Somehow, though, life gets in the way of keeping your home in show-house condition. You might buy newspapers on a Sunday and not finish reading them until the following Saturday, for instance. Or you might receive a bill in the post and leave it lying around on the kitchen table for a week or two until you remember where you put your chequebook, or your password for online banking. The school might send home a circular. Your children might wear clothes that need to be washed and ironed. They might even need to eat. And you might decide you fancy a curry, which is a definite no-no when you're selling your house.
As a journalist who writes about property, I often visit houses that are for sale. Now that the shoe is on the other foot, I'm filled with admiration for the immaculate state in which most of these houses are presented. We have spent every evening and weekend for months fixing, de-cluttering and polishing. I have made the acquaintance of more tradespeople in the past few months than in the previous 10 years.
I have visited Woodies at least once a day for weeks on end, and their opening hours are written on my brain. I have alphabetised our books and agonised for longer than I should about what those books say about us as a family. I have spent far more on fancy soap in dispenser bottles than I should. I have bought vast quantities of bed linen and am an expert on the propensity to creasing of different thread counts. I have visited TK Maxx umpteen times and can confirm that it is absolutely brilliant.

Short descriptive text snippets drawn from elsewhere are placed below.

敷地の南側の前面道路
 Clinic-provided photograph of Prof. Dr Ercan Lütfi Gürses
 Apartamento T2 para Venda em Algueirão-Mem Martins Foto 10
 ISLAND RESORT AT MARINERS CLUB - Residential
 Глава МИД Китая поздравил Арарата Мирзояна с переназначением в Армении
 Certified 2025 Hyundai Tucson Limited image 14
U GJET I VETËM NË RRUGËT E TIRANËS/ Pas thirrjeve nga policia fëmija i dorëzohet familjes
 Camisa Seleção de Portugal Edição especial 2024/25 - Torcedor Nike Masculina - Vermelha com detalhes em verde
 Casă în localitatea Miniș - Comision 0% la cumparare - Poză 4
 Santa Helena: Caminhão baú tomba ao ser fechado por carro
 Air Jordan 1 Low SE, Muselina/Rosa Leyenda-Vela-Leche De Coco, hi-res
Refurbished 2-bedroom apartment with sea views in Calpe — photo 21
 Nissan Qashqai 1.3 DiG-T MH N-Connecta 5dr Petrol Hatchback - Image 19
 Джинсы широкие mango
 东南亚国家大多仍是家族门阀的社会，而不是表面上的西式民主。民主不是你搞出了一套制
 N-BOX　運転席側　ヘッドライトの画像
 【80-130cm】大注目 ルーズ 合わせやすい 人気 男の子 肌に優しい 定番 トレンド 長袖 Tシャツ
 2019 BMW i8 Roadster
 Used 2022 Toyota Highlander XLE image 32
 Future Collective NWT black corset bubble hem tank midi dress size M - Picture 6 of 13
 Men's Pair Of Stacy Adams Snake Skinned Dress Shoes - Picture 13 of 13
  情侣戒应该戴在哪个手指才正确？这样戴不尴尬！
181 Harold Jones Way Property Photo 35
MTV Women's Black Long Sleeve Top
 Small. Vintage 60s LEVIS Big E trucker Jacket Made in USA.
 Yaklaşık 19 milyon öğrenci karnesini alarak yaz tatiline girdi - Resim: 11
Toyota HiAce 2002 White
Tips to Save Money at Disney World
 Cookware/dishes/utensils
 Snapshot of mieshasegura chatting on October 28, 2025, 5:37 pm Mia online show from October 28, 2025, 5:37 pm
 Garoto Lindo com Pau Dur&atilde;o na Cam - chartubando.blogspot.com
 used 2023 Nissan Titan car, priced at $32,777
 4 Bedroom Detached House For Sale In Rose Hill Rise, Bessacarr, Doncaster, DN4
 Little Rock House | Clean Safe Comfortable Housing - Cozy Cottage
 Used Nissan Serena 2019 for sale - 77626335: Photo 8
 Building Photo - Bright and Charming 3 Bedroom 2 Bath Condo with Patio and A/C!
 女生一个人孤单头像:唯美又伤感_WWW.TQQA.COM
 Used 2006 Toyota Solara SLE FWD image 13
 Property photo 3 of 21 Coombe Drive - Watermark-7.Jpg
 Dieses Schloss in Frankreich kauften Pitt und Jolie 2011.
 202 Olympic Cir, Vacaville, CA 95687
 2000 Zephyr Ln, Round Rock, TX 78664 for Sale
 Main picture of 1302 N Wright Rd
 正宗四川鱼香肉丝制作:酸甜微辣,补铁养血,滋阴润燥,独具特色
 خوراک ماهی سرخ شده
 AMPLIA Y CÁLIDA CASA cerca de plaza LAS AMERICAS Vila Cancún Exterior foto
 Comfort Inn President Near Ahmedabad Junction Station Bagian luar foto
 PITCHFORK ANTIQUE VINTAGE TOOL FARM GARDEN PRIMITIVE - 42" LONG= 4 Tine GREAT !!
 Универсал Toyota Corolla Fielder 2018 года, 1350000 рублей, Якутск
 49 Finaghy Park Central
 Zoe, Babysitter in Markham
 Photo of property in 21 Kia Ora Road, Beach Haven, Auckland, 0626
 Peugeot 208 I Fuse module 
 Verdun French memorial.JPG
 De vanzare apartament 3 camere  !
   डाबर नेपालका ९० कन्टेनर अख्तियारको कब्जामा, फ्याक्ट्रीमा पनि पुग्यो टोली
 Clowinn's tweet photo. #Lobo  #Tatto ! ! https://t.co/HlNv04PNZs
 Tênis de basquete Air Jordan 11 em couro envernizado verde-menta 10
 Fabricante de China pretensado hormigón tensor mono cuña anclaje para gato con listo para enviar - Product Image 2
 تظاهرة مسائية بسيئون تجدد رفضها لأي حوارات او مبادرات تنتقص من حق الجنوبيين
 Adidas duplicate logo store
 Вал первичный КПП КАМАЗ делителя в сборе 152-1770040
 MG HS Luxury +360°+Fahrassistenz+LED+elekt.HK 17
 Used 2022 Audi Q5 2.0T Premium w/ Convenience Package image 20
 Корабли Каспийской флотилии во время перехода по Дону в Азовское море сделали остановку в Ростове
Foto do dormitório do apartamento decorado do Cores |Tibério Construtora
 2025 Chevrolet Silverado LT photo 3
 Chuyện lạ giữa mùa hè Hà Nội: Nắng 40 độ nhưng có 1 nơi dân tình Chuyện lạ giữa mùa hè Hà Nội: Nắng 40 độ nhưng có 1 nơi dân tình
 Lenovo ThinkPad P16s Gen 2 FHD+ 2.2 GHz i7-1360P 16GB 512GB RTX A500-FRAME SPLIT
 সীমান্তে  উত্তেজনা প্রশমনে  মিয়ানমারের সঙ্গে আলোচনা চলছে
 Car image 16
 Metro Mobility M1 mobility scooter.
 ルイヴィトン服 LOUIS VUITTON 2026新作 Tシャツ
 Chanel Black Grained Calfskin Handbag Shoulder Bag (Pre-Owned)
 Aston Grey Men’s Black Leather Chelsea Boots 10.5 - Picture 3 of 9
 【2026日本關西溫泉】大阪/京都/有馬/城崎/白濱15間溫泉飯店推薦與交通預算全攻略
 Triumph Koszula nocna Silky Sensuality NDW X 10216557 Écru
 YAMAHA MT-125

I have made the wonderful discovery of hassle.com, which will supply you with a helpful and pre-vetted cleaner with just a few hours' notice, and of storageworld.ie in Dublin 8, where we have rented a smart, modern unit that I think I may want to hang on to for ever.
And I can vouch for the truism that your house will never look as good as it will when you are about to leave it.
Now, though, the primping is finished. The flowers are in the vases and we have reached the point of peak diffuser. A month ago, I didn't even know what a diffuser was, and now I have one in every room. The board has gone up. Viewings have started. Now all we need is a buyer or preferably two who love our house so much that they will fight each other to the death to get it.